Problem: Copy the data that appears below exactly. Drop the pictures.

Given material Block Start

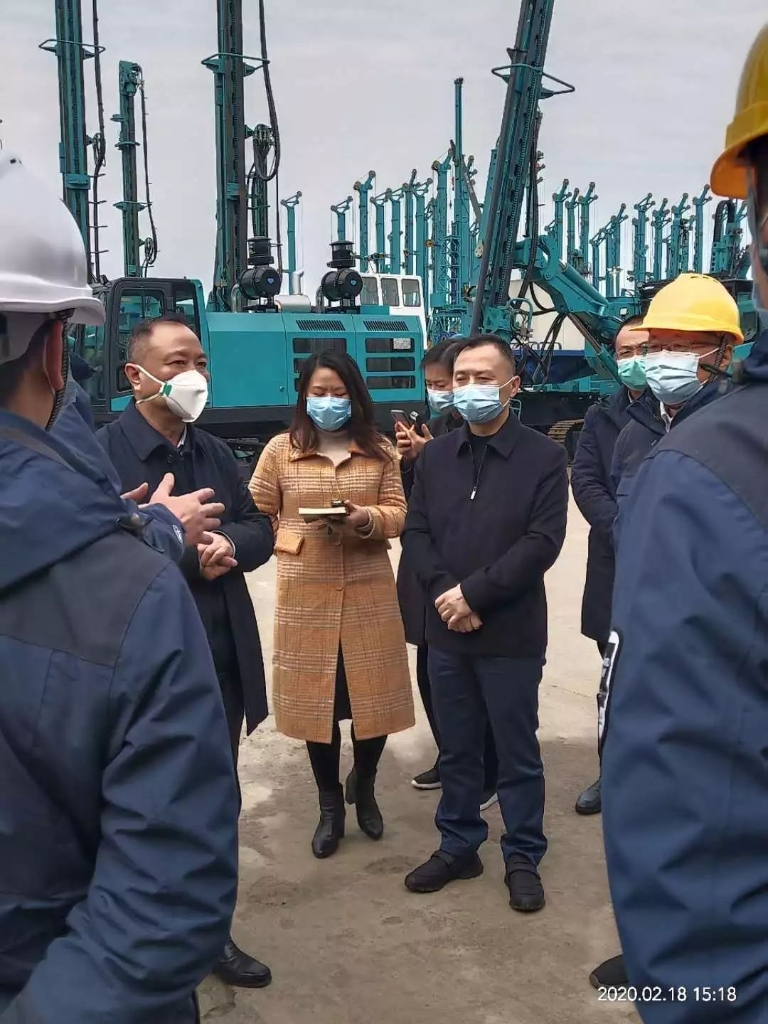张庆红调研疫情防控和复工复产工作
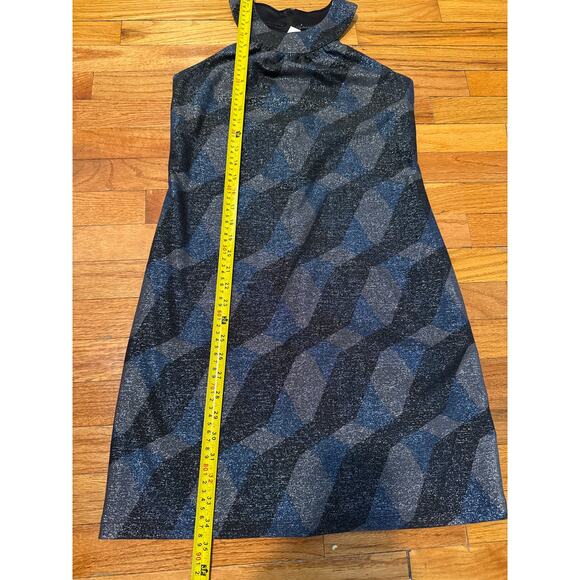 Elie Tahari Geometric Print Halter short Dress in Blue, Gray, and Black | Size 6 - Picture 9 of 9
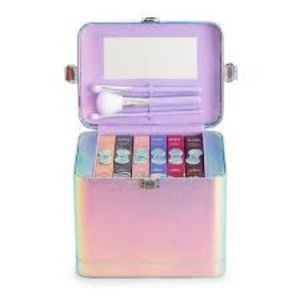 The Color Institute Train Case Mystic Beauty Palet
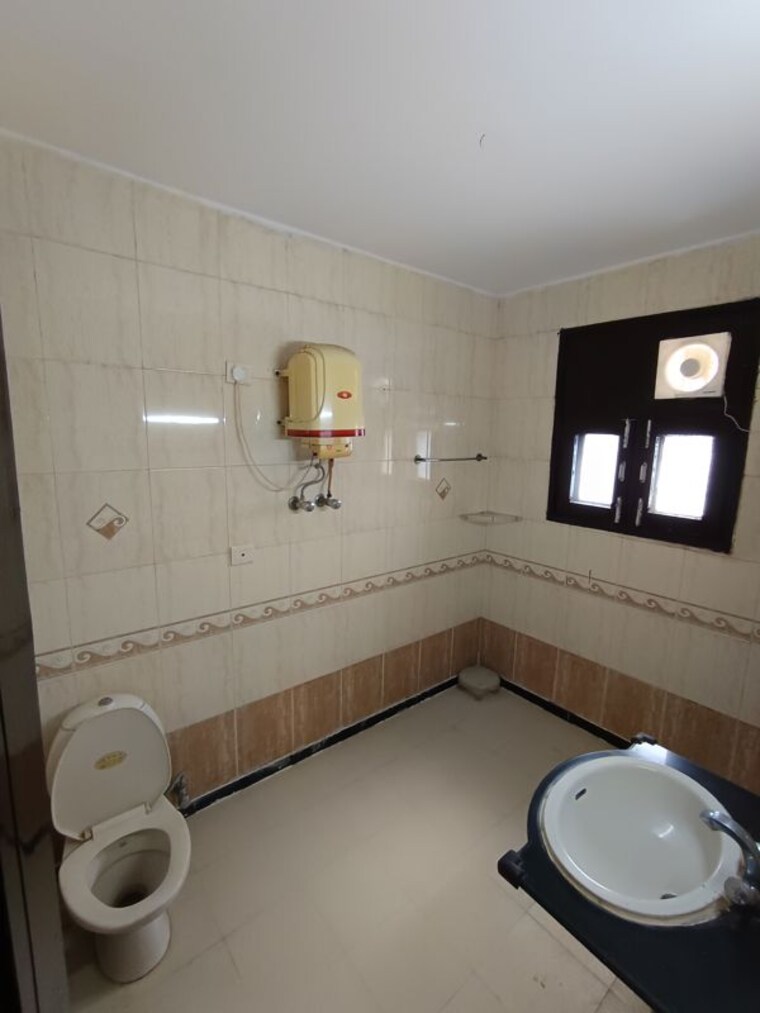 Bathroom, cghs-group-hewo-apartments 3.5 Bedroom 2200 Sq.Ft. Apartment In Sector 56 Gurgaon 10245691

Given material Block End

Your response:
张庆红调研疫情防控和复工复产工作
 Elie Tahari Geometric Print Halter short Dress in Blue, Gray, and Black | Size 6 - Picture 9 of 9
 The Color Institute Train Case Mystic Beauty Palet
 Bathroom, cghs-group-hewo-apartments 3.5 Bedroom 2200 Sq.Ft. Apartment In Sector 56 Gurgaon 10245691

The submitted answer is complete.